A District of Columbia corporation is a business with a legal existence that is separate from its owners. If properly maintained, a corporation can conduct business in its own name and has many of the rights and obligations of a natural person, including the ability to enter into contracts, sue and be sued, hold assets, and pay taxes in its own name.

To start a corporation in DC, you’ll need to do three things: appoint a registered agent, choose a name for your business, and file Articles of Incorporation with the Department of Licensing and Consumer Protection. You can file this document online, in person, or by mail. The articles cost a minimum of $99 to file. Once filed with the district, this document formally creates your DC corporation.

 

1. Name Your Corporation

First things first: your corporation needs a name. And not just any name. It’ll need to comply with DC’s naming rules as outlined in Code of the District of Columbia § 29-103.01 and 29-103.02. Basically, your company name needs to:

  • Include an indicator like “Corporation,” “Corp.,” “Limited,” “Ltd.,” “Incorporated” or “Inc.”
  • Be “distinguishable” (different from) any other business name registered or reserved in DC.
  • Not include words like “bank” or “insurance” without proper approval.

Already have a business name? Create a profile and check to see if it’s available.

Yes. If you want to put a hold on your business name while you’re preparing to form your corporation, you can reserve your business name for up to 120 days in DC. All you need to do is file the Name Reservation Registration & Transfer (Form GN-3) and pay a $50 filing fee.

The name you list on your Articles of Incorporation will become your corporation’s legal name.

A trade name (also known in some states as a DBA or doing business as name) is any name other than your corporation’s that you use to do business.

A corporation might use a trade name for marketing purposes or to expand its business into a new area. For example, Peter & Zyra’s Hat Repair, Inc. might use the trade name Porkpie Hat Pete’s. The business could grow to include a new location that specializes in tailoring under the trade name Porkpie Patterns, and without having to form a second corporation!

However, anyone who uses a trade name is legally required to register it by filing a Trade Name Registration form either online, by mail, or in person. It costs $55 per trade name.

Learn how to get a DC DBA.

2. Designate a Registered Agent

A Washington DC registered agent is someone who accepts legal mail on behalf of your corporation in person. Your registered agent could be you, a member or manager, or someone outside of your company altogether—like a professional registered agent. Whoever you appoint will need to supply a street address in the District of Columbia for your Articles of Incorporation (a public document).

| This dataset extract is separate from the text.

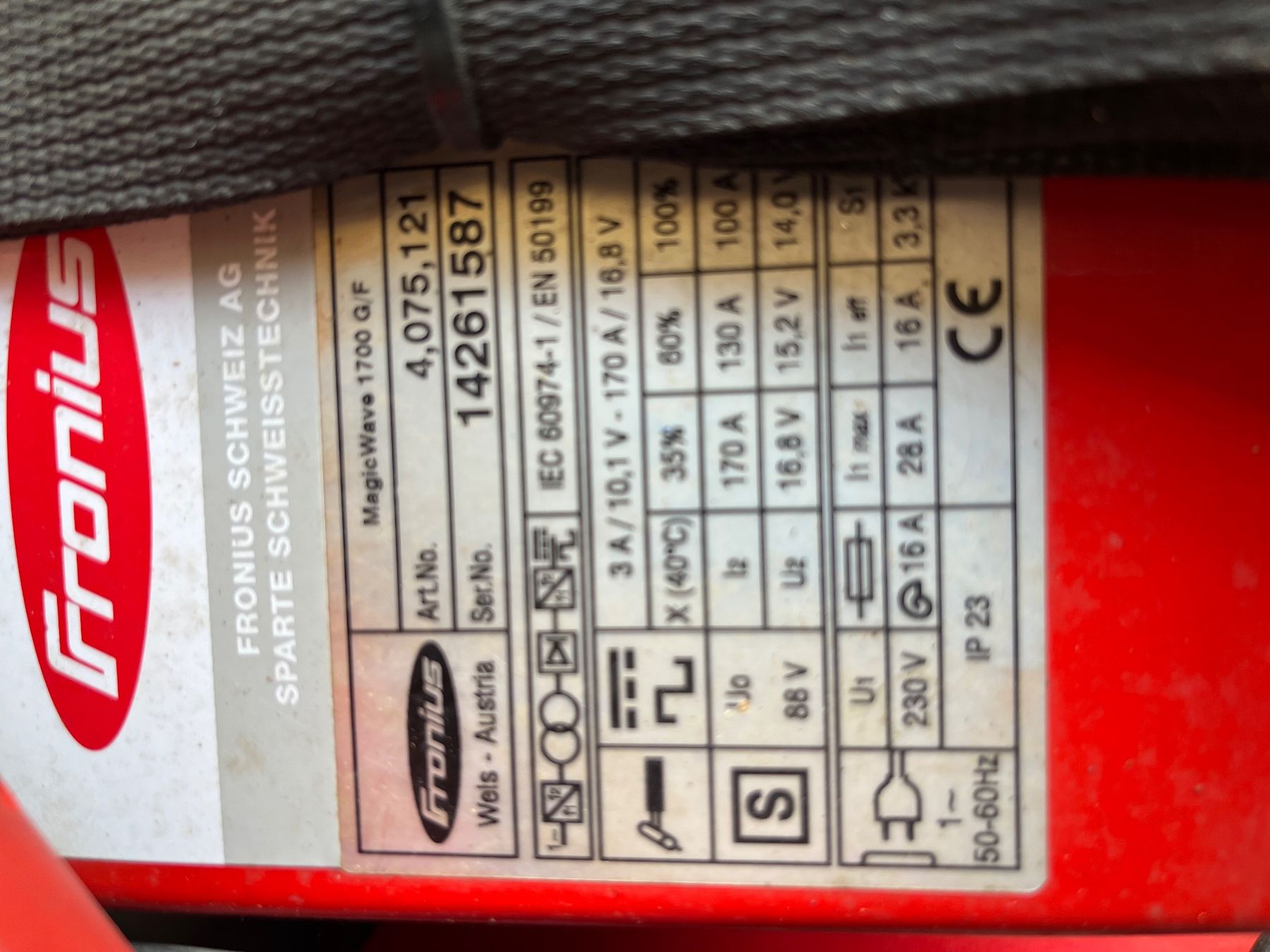 Saldatori: Fronius MagicWave 1700 Schweissgerät WIG / TIG – Usato da Elgg venduto da nefernst 1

Learn why the pros use a registered agent service.

A registered agent serves as your corporation’s official point of contact for service of process, so they need to meet some special legal requirements. Basically, your registered agent must:

  • Have a physical address within the District of Columbia.
  • Be present at that address during regular business hours.
  • Agree to accept and forward your corporation’s legal mail—fast.

Definitely. If you can meet the criteria detailed in Code of the District of Columbia § 29-104-04, and listing your residential or commercial address on the public record doesn’t phase you, you can be your own registered agent.

However, listing your address on the public record is not something to take lightly. Once your private information is online, you can’t hit “undo.” It’s there forever and will probably be posted on a “public records” website or two or three. Oh, the junk mail you’ll get! Hiring a registered agent is an effective way to dodge this.

Another benefit of hiring a registered agent is peace of mind. A professional registered agent will accept, scan, upload, and notify you of any scary legal mail that shows up for your corporation. This means you’ll see it right away—even if you’re away from the office.

Yes. To change your registered agent in DC, you just need to file a Statement of Change of Registered Agent Form with the DLCP. It costs $50.

3. Submit Articles of Incorporation

To officially form your corporation, you’ll need to complete an Articles of Incorporation form. When the form is completed, you’ll submit it to the DLCP online or by mail and pay the $99 filing fee, after which your corporation will be officially established.

Note: All of the information on this form will become part of the public record.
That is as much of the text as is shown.